Thomson Reuters falls at hurdle in fight against HMRC tax bill
After trying to fight a whopping £167m tax bill, a court sided with the tax agency against a former Thomson Reuters business.
An entity of the London Stock Exchange Group (LSEG) was the subject of a hefty tax bill after a blockbuster deal when LSEG bought a data company from Swiss-based Thomson Reuters for $27bn (£19.3bn) in 2019.
Previously known as Refintiv, the data unit’s name was changed to LSEG Data & Analytics.
HMRC slapped a £167m tax bill after it decided to issue diverted profits tax (DPT) notices.
The DPT regime was introduced in 2015 to address the situation where multi-national groups deploy arrangements to divert profits away from the UK to lower tax jurisdictions.
Thomson Reuters filed a judicial review claim against the tax authority’s tax bill, arguing that the DPT notices were unlawful in public law terms.
However, last October, the Upper Tax Tribunal ultimately dismissed LSEG case.
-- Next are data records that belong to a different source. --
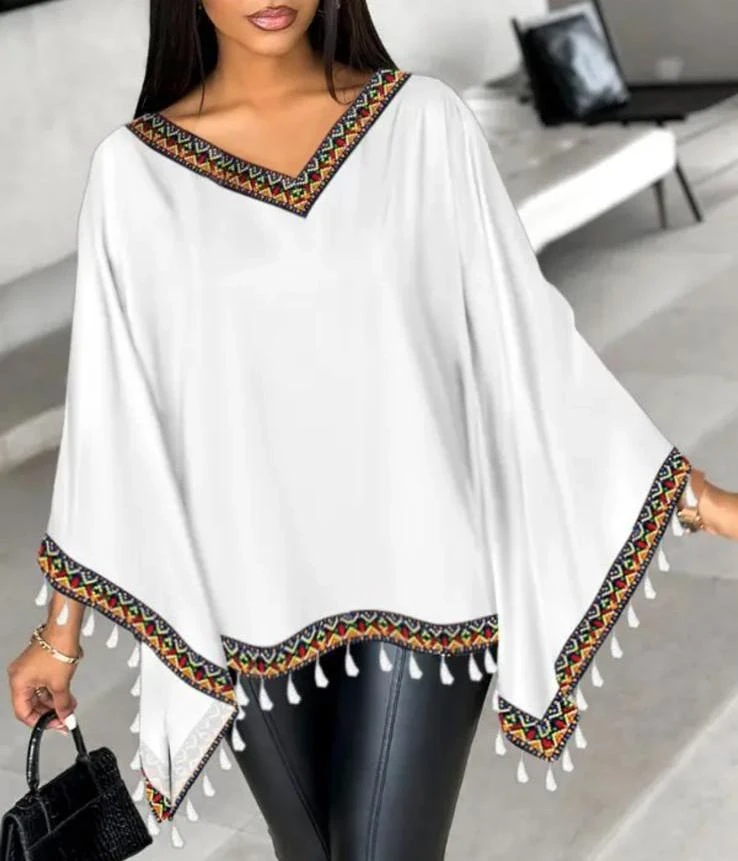 Mikro Kumaş Püsküllü Salaş Bluz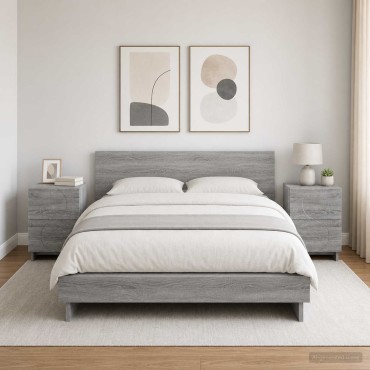 vidaXL Κομοδίνο 2 τεμ. Γκρι Sonoma 33,5x34,5x50 εκ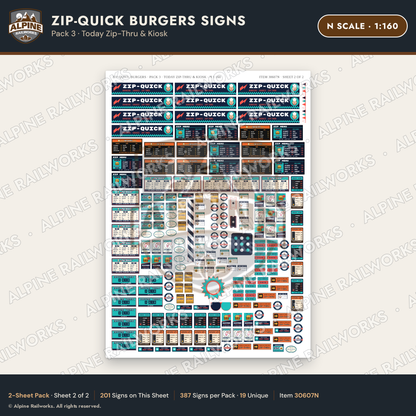 Alpine Railworks 30607N N Scale Fast Food Signs - Burger Stand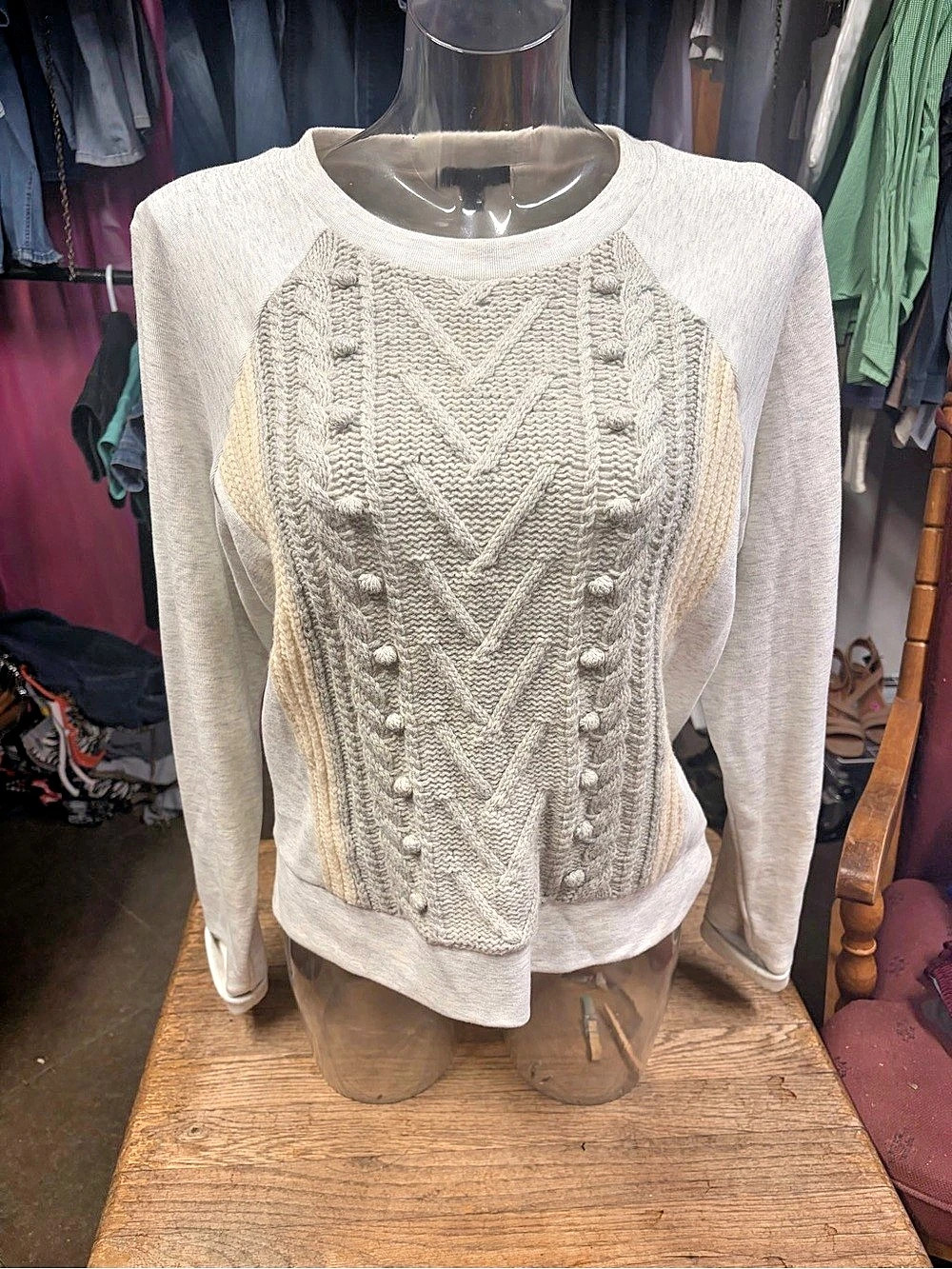 J.Crew Pom-Pom Cable-Knit Sweater Cream Size Medium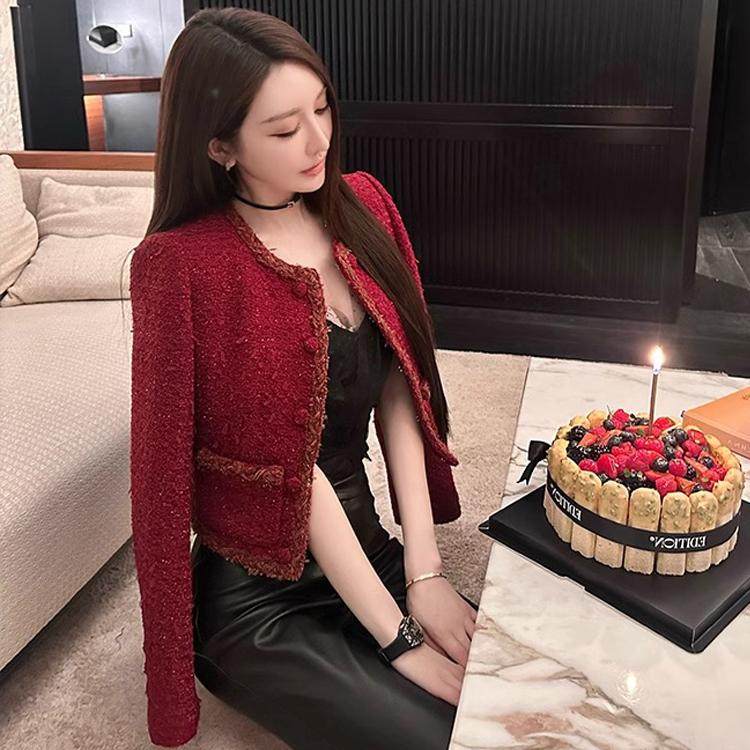 新年高级感红色小香编织外套女长袖圆领百搭气质名媛风短款开衫潮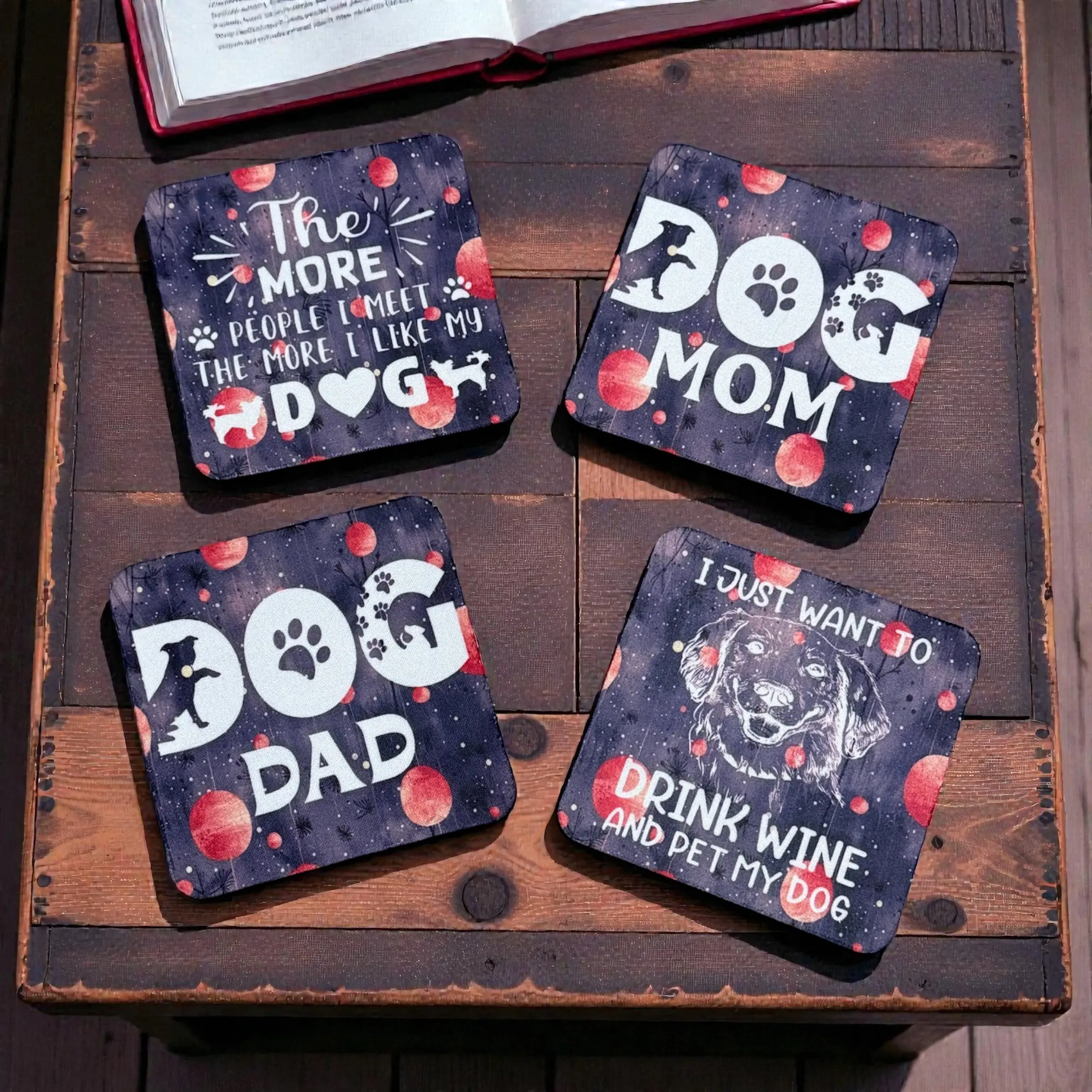 Custom Absorbent Neoprene Dog Inspired Coasters Set of 4, Non-Slip Base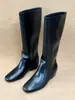 ¡En stock, se envía al instante! Botas de Moda Estilo Coreano Elegantes de Punta Cuadrada Adelgazantes con Forro de Felpa para Pantorrilla Ancha con Aumento Oculto de Altura, Botas de Media Pantorrilla Ajustadas para Mujer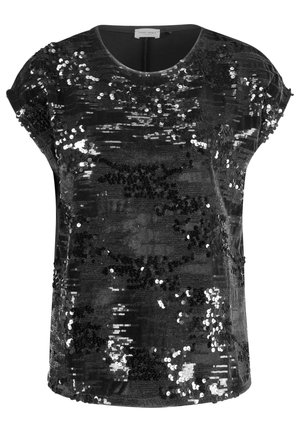 Czarna bluzka z krótkim rękawem i okrągłym dekoltem, ozdobiona błyszczącymi czarnymi i srebrnymi cekinami w nieregularnym wzorze.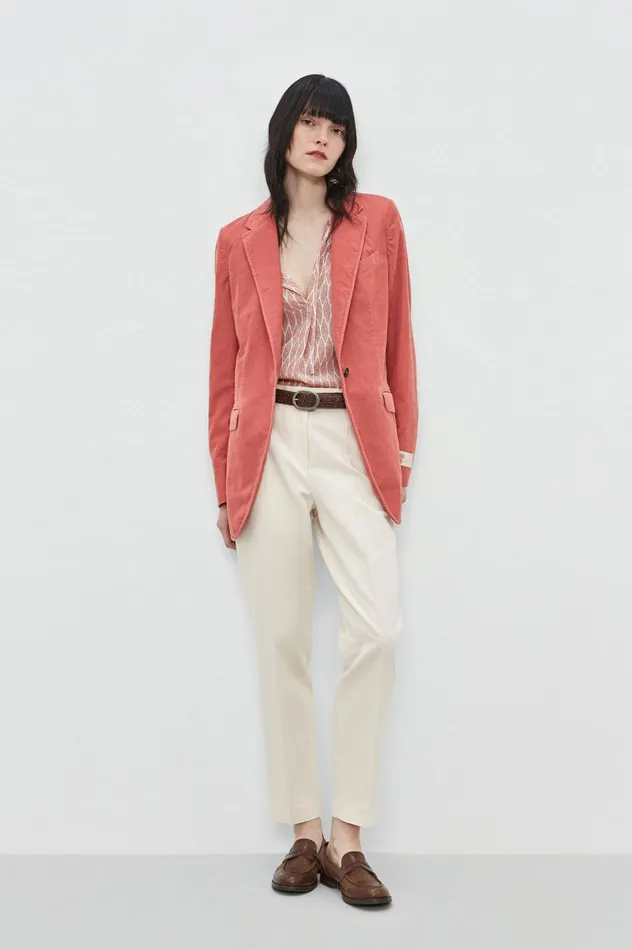 Women ALINE 8211 Baby Corduroy Long Jacket 8211 Coral Massimo Alba Jackets and Coats Women ALINE 8211 Baby Corduroy Long Jacket 8211 Coral Massimo Alba Jackets and Coats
The legal challenge was taken to the Court of Appeal last month.
However, Lord Justice Underhill, Lady Justice Whipple and Sir Launcelot Henderson dismissed the appeal, ruling there is no objection in public law to the relevant assessments to DPT raised by HMRC.
The only step left for the company will be to try and bring its case to the Supreme Court, but it is yet unclear if it’ll consider that final step in its fight against this tax bill.
A HMRC spokesperson said: “We welcome the decision, which rejects the companies’ claims that HMRC’s charge of more than £167m of DPT was unlawful and an abuse of our powers.”
“The court confirmed we acted lawfully in issuing DPT charging notices, correctly using anti-avoidance legislation that is designed to counter the use of aggressive tax planning by multinational corporate groups to divert profits from the UK,” HMRC added.
An LSEG spokesperson said: “The claims relate to the period before LSEG’s acquisition of Refinitiv and are being conducted by Thomson Reuters who have fully indemnified LSEG against any financial liabilities”.
While a spokesperson for Thomson Reuters stated: “We have no comment.”